SOPA + PIPA = EPIC FAIL


----------



## Deleted_171835 (Jan 18, 2012)

SOPA isn't dead.
http://judiciary.hou...s/01172012.html

Stop Online Piracy Act Markup to Resume in February

Washington, D.C. — House Judiciary Committee Chairman Lamar Smith (R-Texas) today said that he expects the Committee to continue its markup of the Stop Online Piracy Act in February.

Chairman Smith: "To enact legislation that protects consumers, businesses and jobs from foreign thieves who steal America's intellectual property, we will continue to bring together industry representatives and Members to find ways to combat online piracy.

“Due to the Republican and Democratic retreats taking place over the next two weeks, markup of the Stop Online Piracy Act is expected to resume in February.

“I am committed to continuing to work with my colleagues in the House and Senate to send a bipartisan bill to the White House that saves American jobs and protects intellectual property."


----------



## Gahars (Jan 18, 2012)

Yeah, Soulx, I just found that news as well. Here's another article discussing it.

Before a firestorm starts up, some things are worth bearing in mind: 1) These are the actions of one representative out of more than 400 (more than 500 counting the Senate), 2) the White House's opposition still stands, 3) This was bound to happen eventually, it was only an issue of when, and 4) It's in Committee, which is fairly early in the legislative process.

Representative Smith looks to be making a last ditch effort to salvage the bill, delaying it so that people will forget about the Bill once a vote comes up. However, with all of the widespread opposition to the bill and the continued efforts by protesters across the internet, I (again) don't see this going anywhere.


----------



## Hyro-Sama (Jan 18, 2012)

if Americans want to punish someone for stealing their jobs they should throw everyone in the American gov't from the past two terms in jail.


----------



## the_randomizer (Jan 18, 2012)

Their incisiveness all the more proves how retarded these sods are.


----------



## Deleted-236924 (Jan 18, 2012)

'nuff said.


----------



## FireGrey (Jan 18, 2012)

This is why I don't like the Americans that make all the laws, they are just retarded.


----------



## steveo1978 (Jan 18, 2012)

FireGrey said:


> This is why I don't like the Americans that make all the laws, they are just retarded.

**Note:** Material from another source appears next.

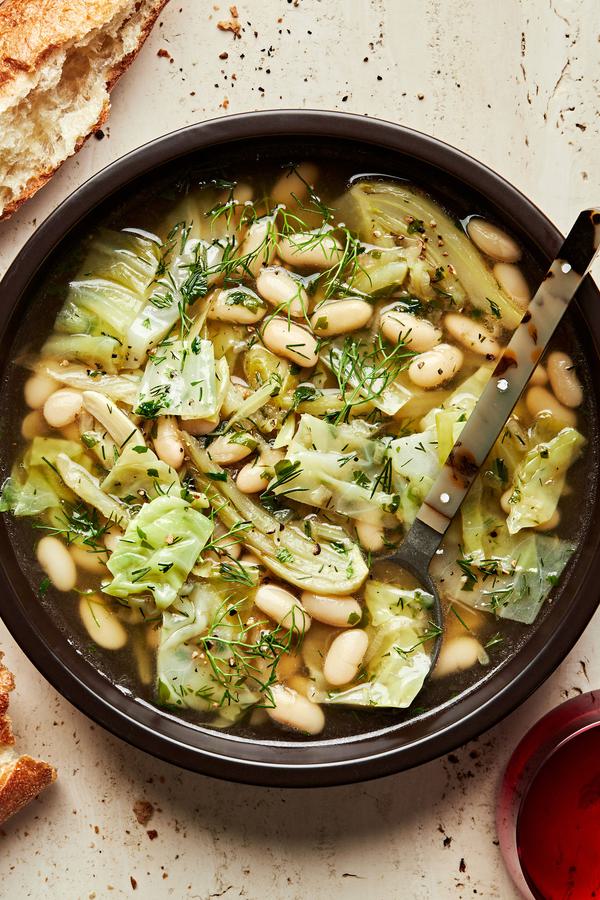 a bowl White Bean Soup with Dill and Cabbage with crusty bread alongside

Nice that you accuse All Americans of being retarded, when not every American wants this to pas.


----------



## kthnxshwn (Jan 18, 2012)

steveo1978 said:


> FireGrey said:
> 
> 
> > This is why I don't like the Americans that make all the laws, they are just retarded.
> ...


He...didn't accuse all Americans of being retarded.


----------



## Hyro-Sama (Jan 18, 2012)

Pingouin7 said:


> 'nuff said.


We'll win regardless. The internet always wins.


----------



## FireGrey (Jan 18, 2012)

steveo1978 said:


> FireGrey said:
> 
> 
> > This is why I don't like the Americans that make all the laws, they are just retarded.
> ...


No, I accused the Americans that make all the laws of being retarded.


----------



## steveo1978 (Jan 18, 2012)

FireGrey said:


> steveo1978 said:
> 
> 
> > FireGrey said:
> ...



Sorry I did not read that correctly last night. I apologize.


----------



## shortz1994 (Jan 18, 2012)

we americans are retarded, we keep electing these jokers into office, we let big banks/buisnesses, stick what ever they like up our a**es, without using vasaline.
yet we sit an complain, an still end up doing the same thing we did before.  elected a retard, that just gives us a break from the previous retard
if this isn't retarted then i don't know what is.


----------



## jrk190 (Jan 18, 2012)

Pingouin7 said:


> c tha
> 
> 'nuff said.


It's pathetic that the country that was erected upon the philosophy of personal rights is now having to fight for liberty from their government. It's like history is repeating itself, and nobody cares. The government controls our money, our income, our jobs, and our liberties. We have already lost our public freedom of speech, and then social media was invented. We created our own country, our own refuge from the horrors of the world around us. But just as we escaped the nightmare of politics affecting our lives, the government decides to step in. Piracy is no different than when people sat next to a radio and recorded songs on a Walkman or tape deck. The only difference is the way we do it. We host it and make mass copies. It still hasn't effected the world as to people no longer using itunes and spending money. It's that the government wants to control what little bit of freedom and rights to speech we have. So many uprisings and rebellions in the world lately have probably made them realize that they needed to prevent uprising on social media, which was how the others began. It's sickening.


----------



## chris888222 (Jan 18, 2012)

FUCK SOPA and PIPA.

If this bill is really passed I wonder what will happen. Payable wikipedia?


----------



## the_randomizer (Jan 18, 2012)

chris888222 said:


> F*** SOPA and PIPA.
> 
> If this bill is really passed I wonder what will happen. Payable wikipedia?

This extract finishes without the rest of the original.